[Exercise prompt] Would you please give every entry again exactly, without the pictures?

>>>>>

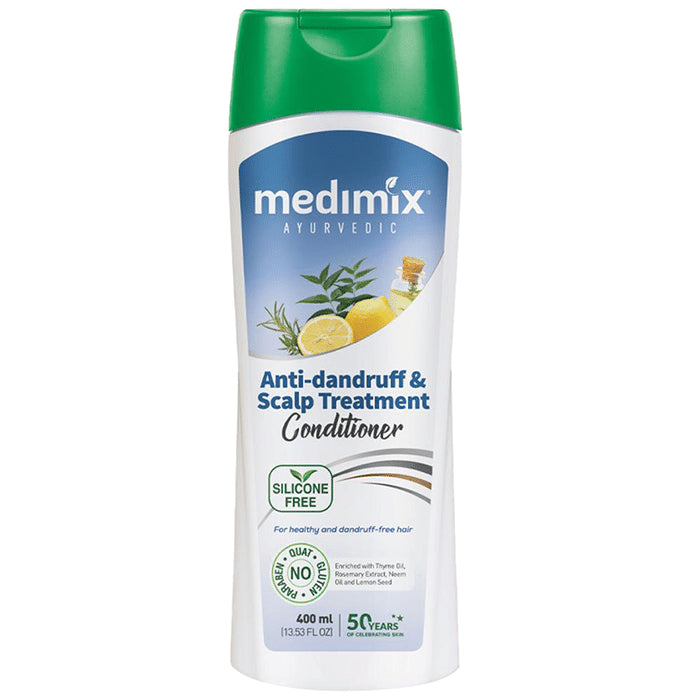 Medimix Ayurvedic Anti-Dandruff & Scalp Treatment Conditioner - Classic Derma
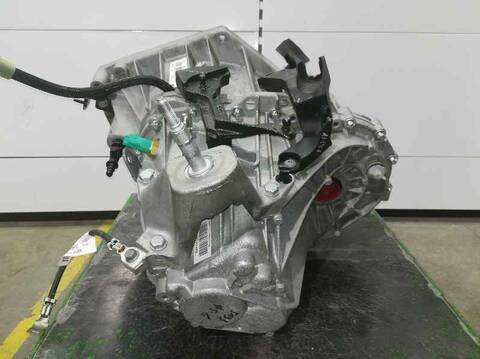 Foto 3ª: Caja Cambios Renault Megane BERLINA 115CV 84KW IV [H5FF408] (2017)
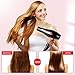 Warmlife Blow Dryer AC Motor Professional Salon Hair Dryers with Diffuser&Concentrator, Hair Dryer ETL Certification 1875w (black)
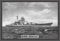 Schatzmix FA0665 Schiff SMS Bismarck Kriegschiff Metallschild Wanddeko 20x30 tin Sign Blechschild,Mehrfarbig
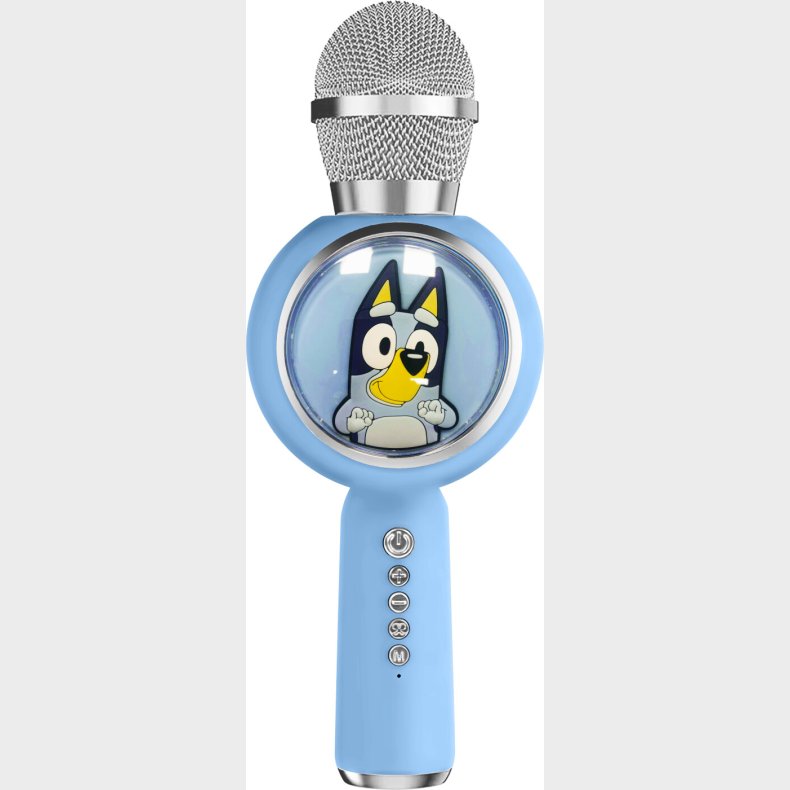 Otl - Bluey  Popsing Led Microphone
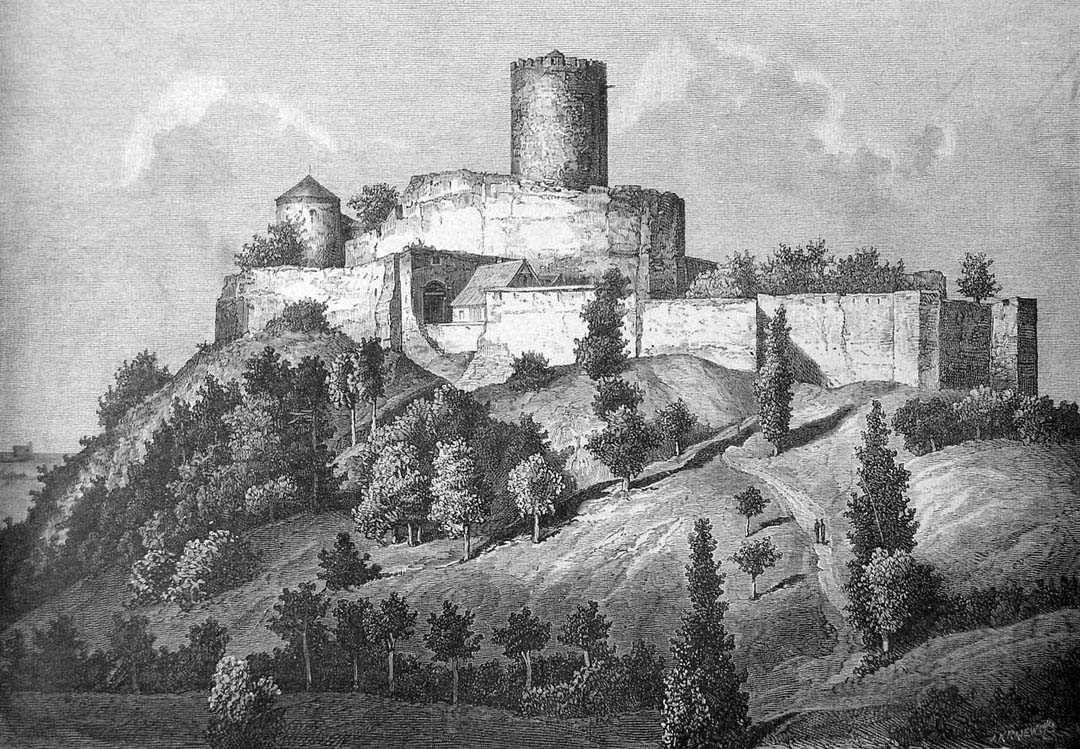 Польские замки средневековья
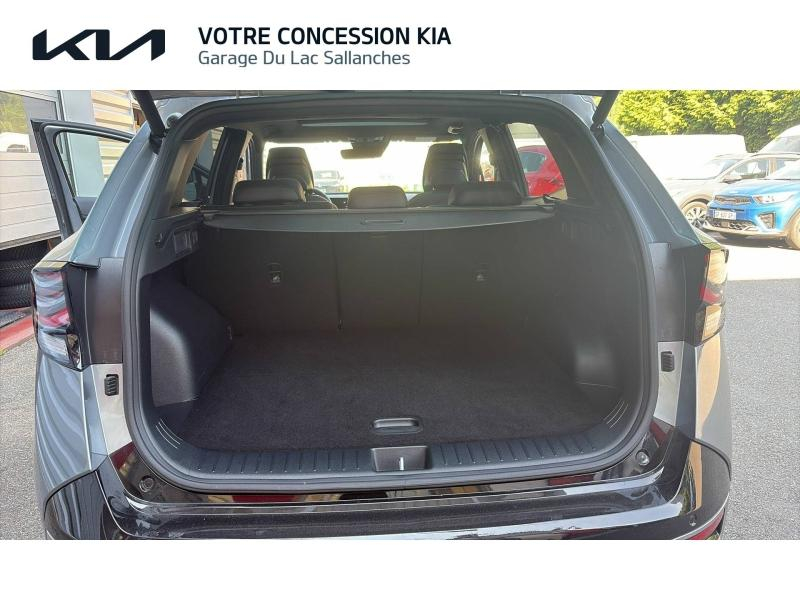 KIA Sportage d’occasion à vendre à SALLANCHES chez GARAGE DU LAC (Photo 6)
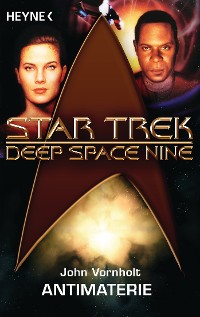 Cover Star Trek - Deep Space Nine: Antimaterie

<<<<<

[Task result]
 Medimix Ayurvedic Anti-Dandruff & Scalp Treatment Conditioner - Classic Derma
 Foto 3ª: Caja Cambios Renault Megane BERLINA 115CV 84KW IV [H5FF408] (2017)
 Warmlife Blow Dryer AC Motor Professional Salon Hair Dryers with Diffuser&Concentrator, Hair Dryer ETL Certification 1875w (black)
 Schatzmix FA0665 Schiff SMS Bismarck Kriegschiff Metallschild Wanddeko 20x30 tin Sign Blechschild,Mehrfarbig
 Otl - Bluey  Popsing Led Microphone
 Польские замки средневековья
 KIA Sportage d’occasion à vendre à SALLANCHES chez GARAGE DU LAC (Photo 6)
 Cover Star Trek - Deep Space Nine: Antimaterie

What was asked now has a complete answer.